As part of the Cleveland International Piano Competition’s indefatigable efforts to increase Cleveland’s profile as a major destination for pianists, the organization offers a concert series in competition off-years. The third installment of this year’s series saw the return of Italian pianist Roberto Plano, a laureate of the competition having taken first prize in 2001 – and as of late, professor at the Indiana University Jacobs School of Music. Plano’s program was neatly bisected with a selection of solo works prefacing a major chamber work, the Cleveland Institute of Music’s Kulas Hall serving as the venue of choice. The solo selections were wonderfully diverse, forming a colorful travelogue from Italy to South America by way of a lovely layover in Spain.
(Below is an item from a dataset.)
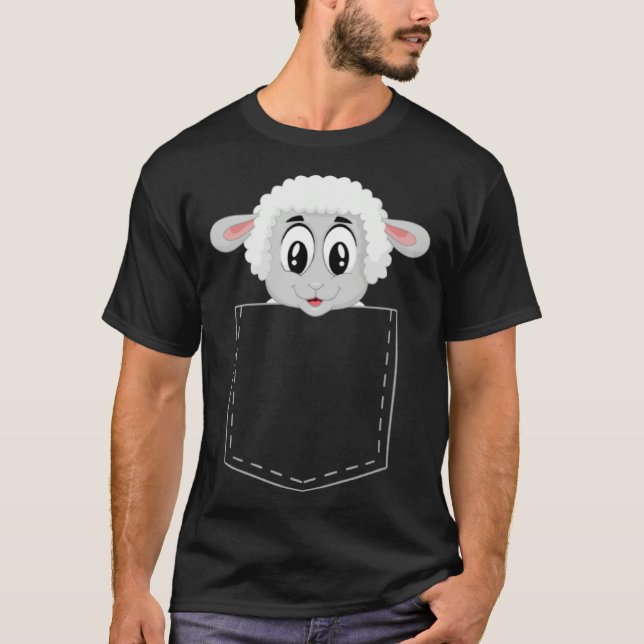 Cute lamb  for children sheep  boys and girls t shirt (Framsida)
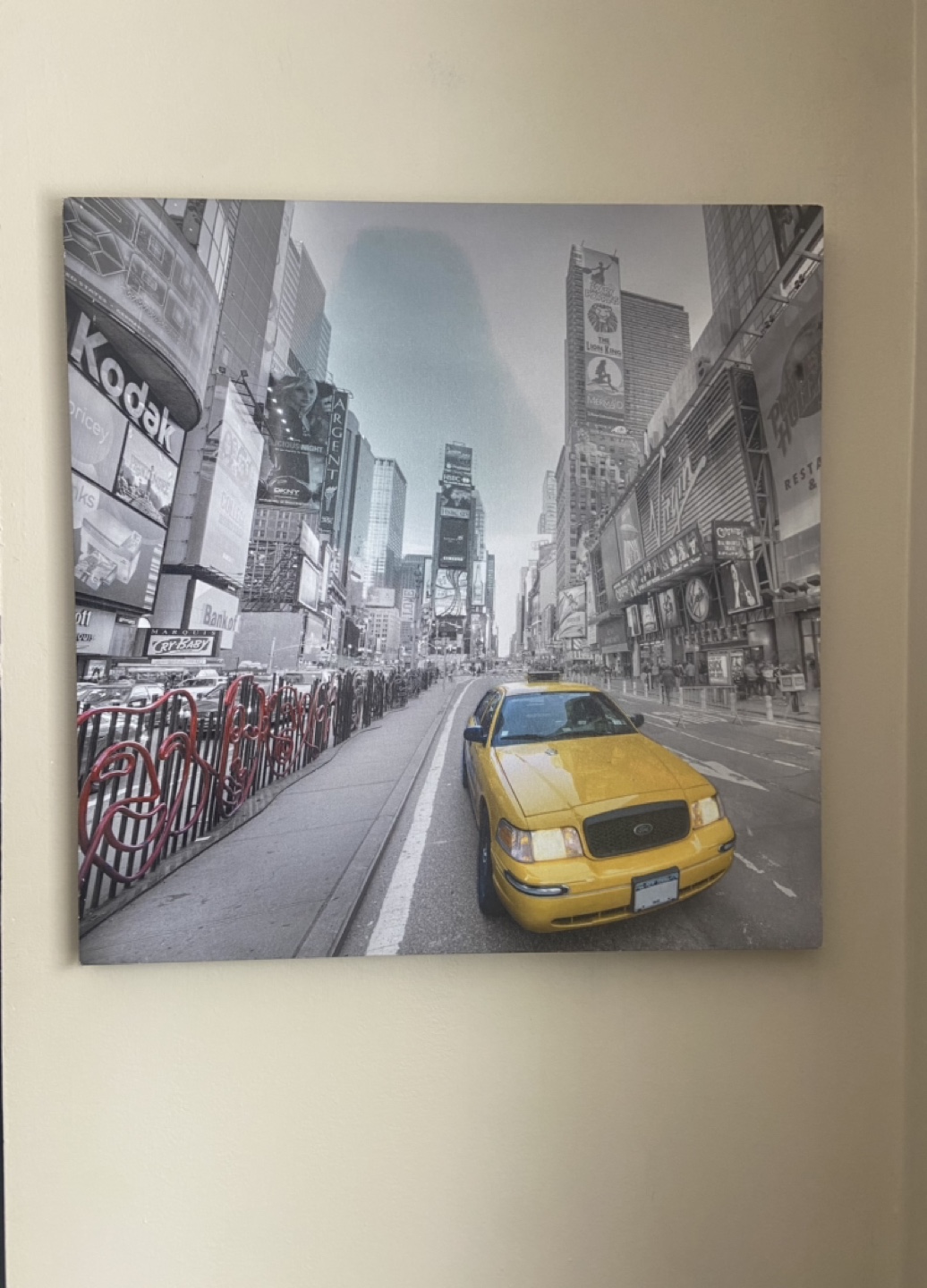 NY Yellow Cab Print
Roberto Plano © Gregory Wilson
Roberto Plano
© Gregory Wilson

Plano opened the evening with the Notturno excerpted from Respighi’s Six Pieces for Solo Piano. Respighi is certainly not a composer known for his piano music, but his modest body of work for the instrument certainly merits at least an occasional hearing. Undulating, atmospheric tremolos supported the piece’s gentle melody, generally subdued but at one point growing to a fiery outpouring, only to peacefully subside. Liszt’s Sposalizio followed, a work from the Italian book of the Années de pèlerinage wherein the composer portrayed various figures of the Italian Renaissance as inspired from his extensive travels. The work in question refers to Raphael’s The Marriage of the Virgin, which currently resides at Milan’s Pinacoteca di Brera – not far from Plano’s hometown of Varese. Plano approached the work as a stately evocation of the Renaissance master, bringing out Liszt’s sense of wonderment to culminate in muscular octaves, though it was the delicate filigree at the end that was perhaps most striking.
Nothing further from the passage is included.